I imagine John Lewis’s staff - who own the business as partners - were probably braced for bad news come bonus time. They certainly should have been.

With profits plunging by 45 per cent to £160m, their annual payments this year will amount to just 3 per cent of their salaries.

No one working at the retailer now will have experienced anything like that.

You have to go back to 1954 to find a comparable number, when their grandparents, great-grandparents in some cases, received 4 per cent.

But there are reasons to feel cheerful even if it might not look that way.

For a start, John Lewis is one of those vanishingly rare institutions in Britain in which everyone who works there really is in it together.

Retail CEOs regularly pick up millions for doing far worse than the leadership of this one, where there are no such rewards for failure. Lewis bosses do fairly well for themselves, but the salary of the top paid executive is fixed to a multiple (75) of the average hourly rate of non management partners. You won’t find anything like that at the retailers which are listed on the stock market.

They also get the same percentage bonus that everyone else does. There are none of the free shares other retail bosses get through long term incentive schemes, which aren’t really long term and only incentivise them to feather their own nests.

That’s has to be worth something.

Better still is the fact that John Lewis isn’t firing people in the way other retailers are, retailers that are barely making any money at all.

John Lewis’ numbers aren’t pretty. They have been hit as a result of its IT investments, various one off costs, and the fact that the chain, which also owns Waitrose, has had to respond to the widespread discounting that’s been going on as reeling rivals struggle to make sales.

The latter causes a particular problem for a chain that boasts of “never being knowingly undersold”.

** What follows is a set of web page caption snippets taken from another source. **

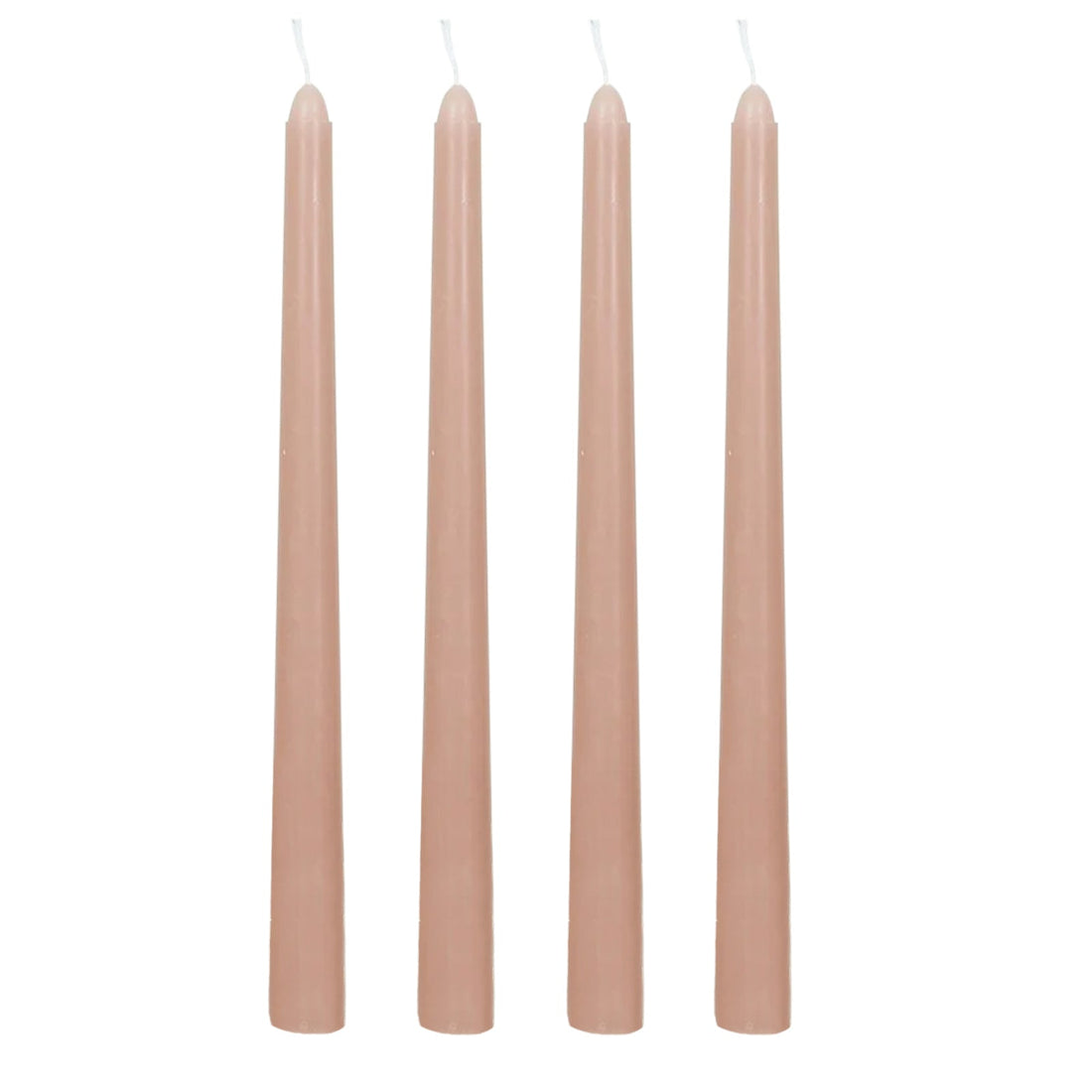 10Pack Dusty Rose Wax Taper Candles 10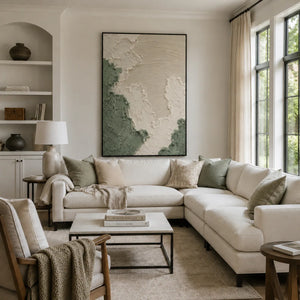 Sage Relief Textured Wall Art styled in a modern living room | Oildeco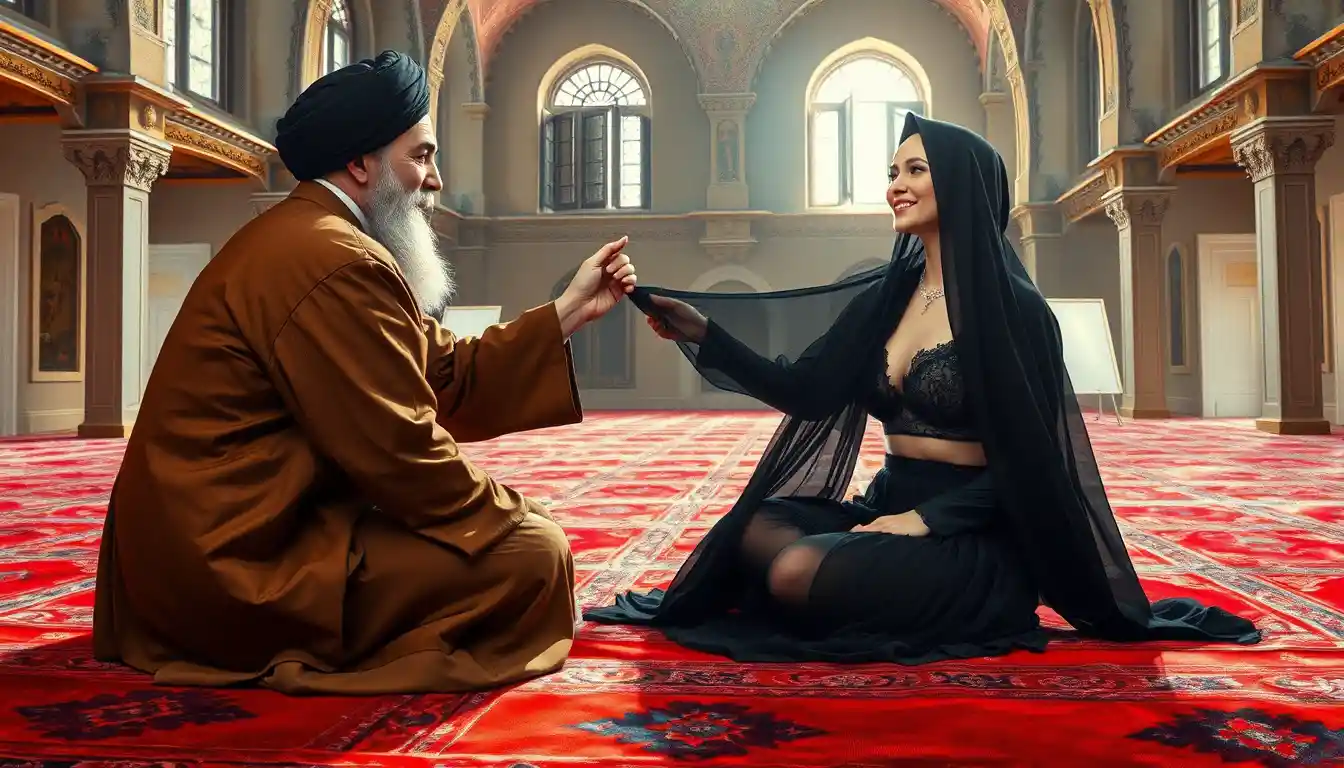 Dipinto a olio di una donna e un religioso all'interno di una moschea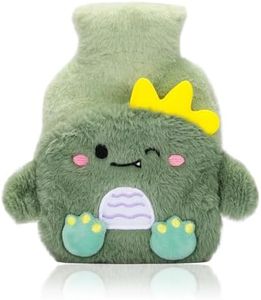 Green Rubber Hot Water Bottle with Soft Removable Knit Outer Lid, Classic Rubber Hot and Cold Water Bottle with Cute Image Hand Feet Warmer and Shoulder Pain Relief
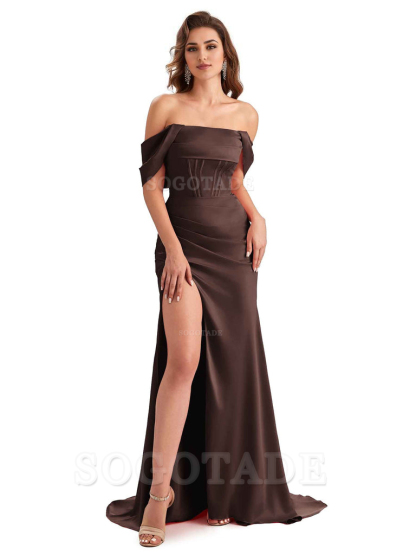 Sexy Side Slit Mermaid Soft Satin Off The Shoulder Unique Long Wedding Attendee Dresses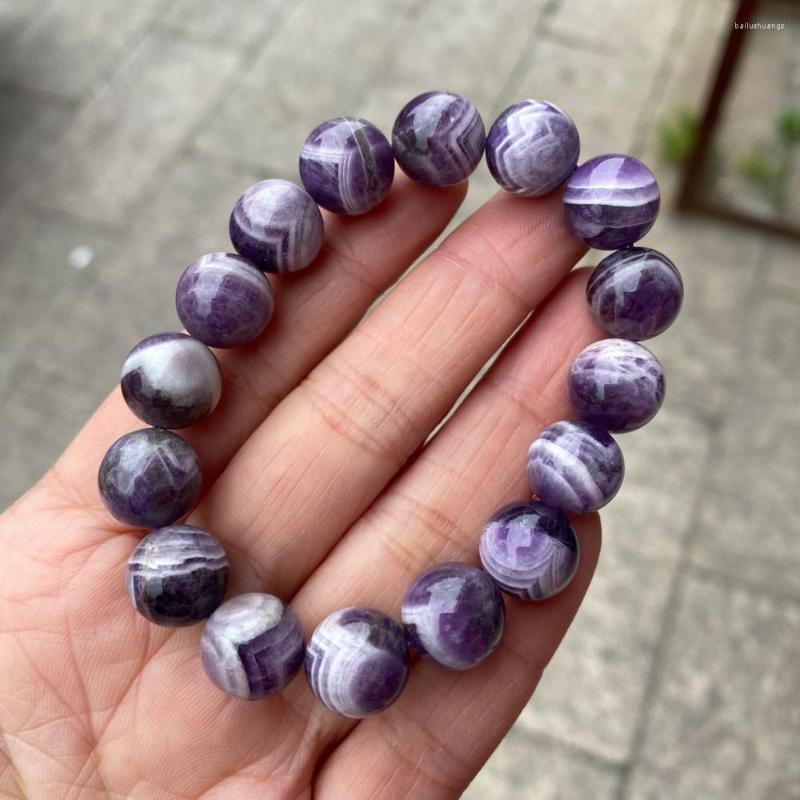 

Strand Rare Semi-Precious Stone Unique Natural Healing Power Quartz Stretch Elastic Bracelet 12mm Dream Stripe Amethysts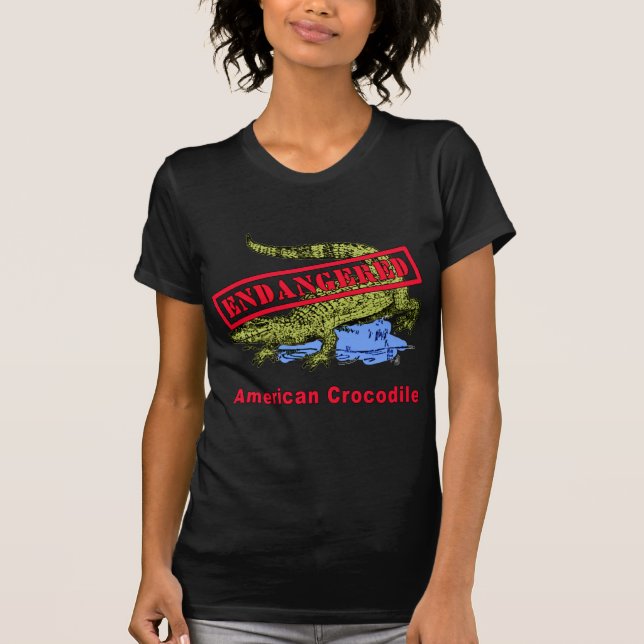 Camiseta Produtos pstos em perigo do crocodilo americano (Frente)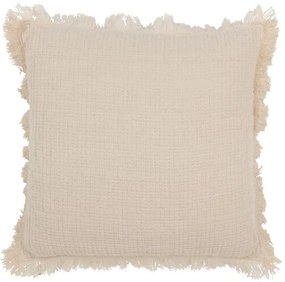 Béžový mušelínový vankúš so strapcami Muslin - 45*10*45 cm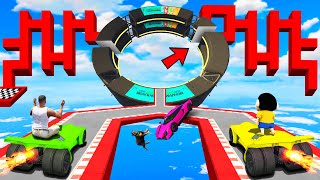 SHINCHAN AND FRANKLIN TRIED THE IMPOSSIBLE ZIGZAG PUZZLE RING RAMP OBSTACLES PARKOUR CHALLENGE GTA 5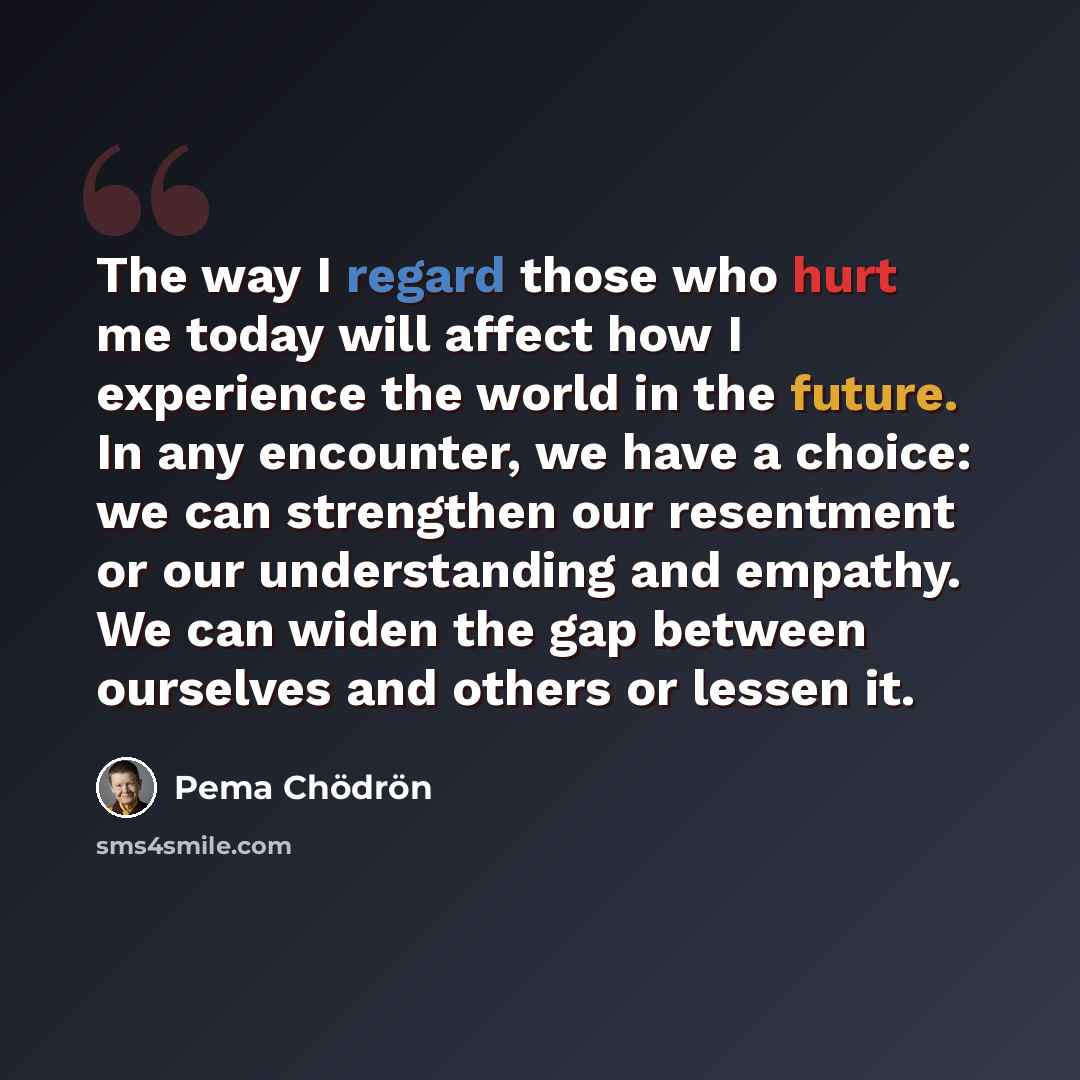 “The way I regard those who hurt me today will affect how I experience the world in the future. In any encounter, we have a choice: we can strengthen our resentment or our understanding and empathy. We can widen the gap between ourselves and others or lessen it.” quote by Pema Chodron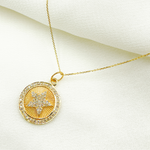 Load image into Gallery viewer, 14K Solid Gold Diamonds & Gemstone Star Round Charm. GDP361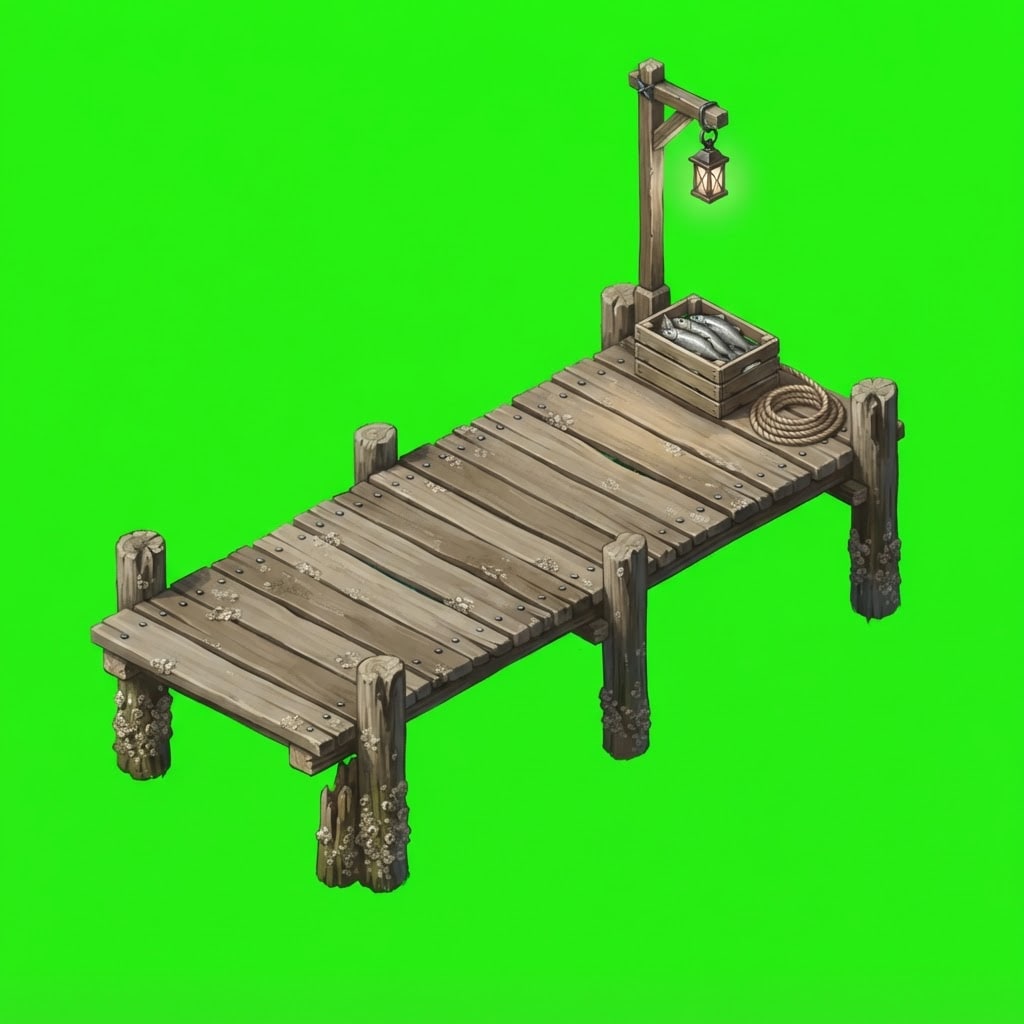 Image: A weathered medieval wooden fishing jetty: a short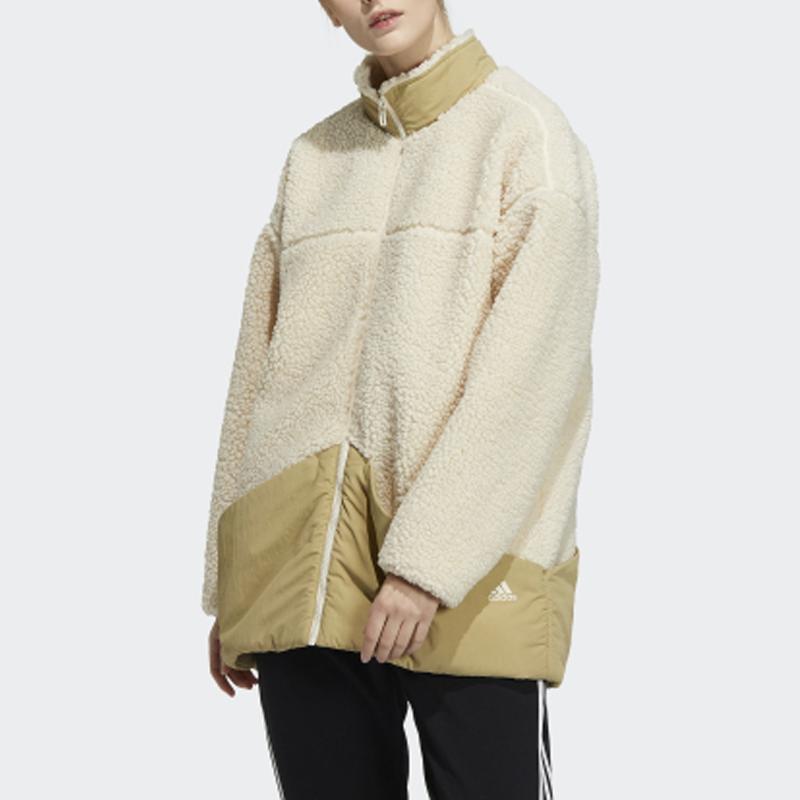 Adidas Originals Retro Sports Stand Collar Color Block Splicing Zipper Long Sleeve Jacket Women Jacket Yellow H29563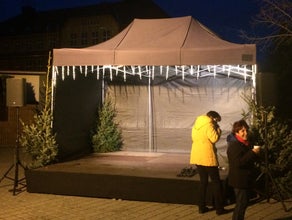 Pavillon Schwarz 4,5m x 3,0m /Bühnenüberdachung / Partyzelt FOH - Zelt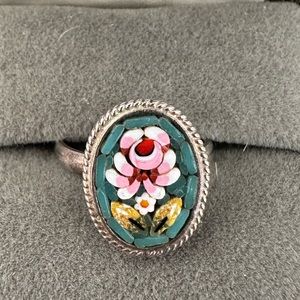 Vintage Rossana Italy blue mosaic floral sterling silver ring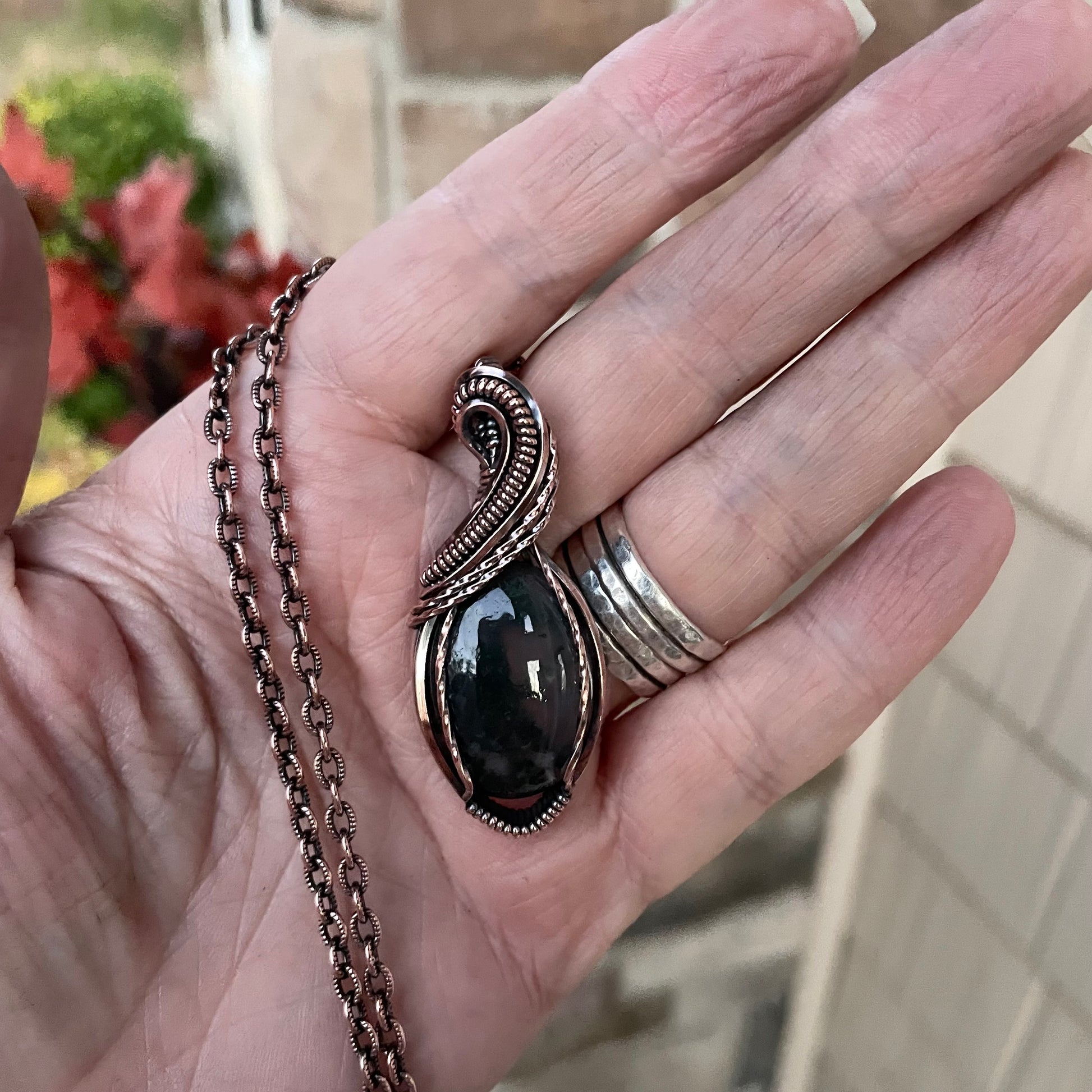 Moss Agate Oval Copper Pendant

Thing is, the discounting it's been forced to match isn’t sustainable. It will die off as struggling rivals die off, if not before.

At some point you can see there being maybe two or three general retailers left on the British high street. One of them will be John Lewis. Another will be Mike Ashley’s ‘Harrods of the High Street’ amounting to an amalgamation of what's left of House of Fraser and (probably) Debenhams.

Which one of those two would your prefer to shop at? Which one of those would you prefer to work at?

Internet retail is blowing an ill wind through British retail, but eventually the market will find a new equilibrium and a bricks and clicks outfit like the Partnership should prosper within it.

A pay cut is never good, and this is what John Lewis partners are experiencing. But it’s possible to see better times ahead for this unique and well run business.